His Parisian circle of friends included Pablo Picasso, Robert Delauney, André Donoyer de Segonzac, and Henri Rousseau. Weber could not have arrived in Paris at a more opportune time. Matisse was exploring the brilliant colors of Persia; Picasso was experimenting with the planar surfaces of African masks and beginning to develop the theories of what became known as Cubism. Weber understood and appreciated these new ideas, but was most influenced by Paul Cézanne’s unique depiction of space in paintings he saw at the Salon d’Automne in 1906 and 1907. (2)

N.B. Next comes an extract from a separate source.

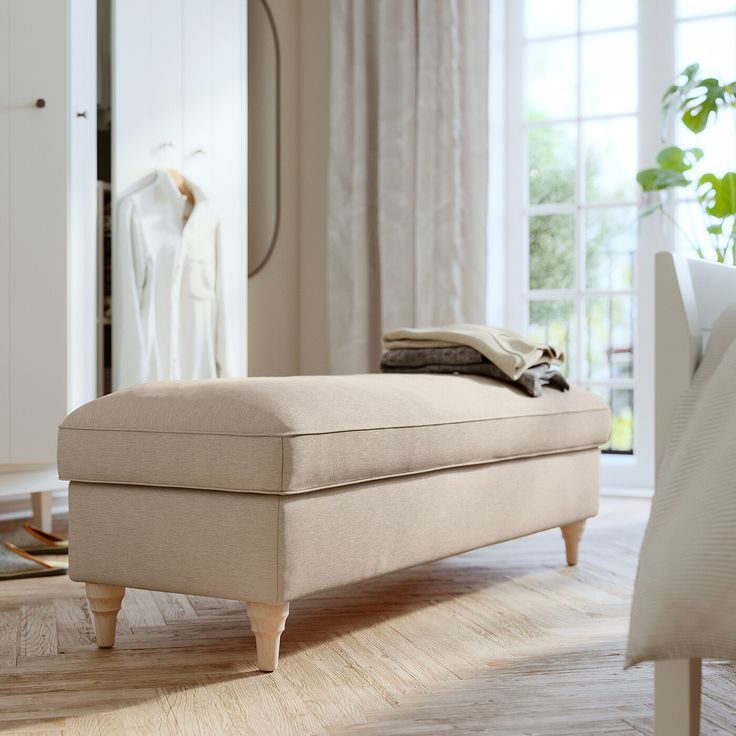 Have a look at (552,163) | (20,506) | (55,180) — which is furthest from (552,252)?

Although Weber produced a series of cubist-inspired abstract paintings from 1915 to 1918, after 1919 all of his work was representational; his subjects were still life, landscape, and genre scenes of recent immigrants and the working class.

From the 1940s on, Weber developed a more emotional, expressionist approach in his work. When he returned to the United States in 1909, his new style of painting brought hostile reactions. The next year he met Alfred Stieglitz, art dealer and photographer, who understood Weber’s modernist vocabulary. Stieglitz provided Weber with moral and financial support and exhibited his work with a handful of contemporary American modernists. (3) Weber assisted Stieglitz by organizing exhibitions.

However, the artist’s association with Stieglitz would be short-lived, for he continued to develop independent theories of modern art and soon fell out of favor with Stieglitz and his circle. Weber was invited to participate in the Armory Show in 1913, but he withdrew after learning that only two of his pictures had been accepted, whereas eight or ten images by his French counterparts would be exhibited. (4) But the slight was soon forgotten. That same year Weber had a successful solo show at the Newark Museum of Art, the first ever devoted to an American modernist artist.

He experimented with sculpture, both figurative and abstract, and wrote poetry and treatises on modernist theories. He exhibited at the Whitney Museum of American Art, the Museum of Modern Art, and the Art Institute of Chicago, among others.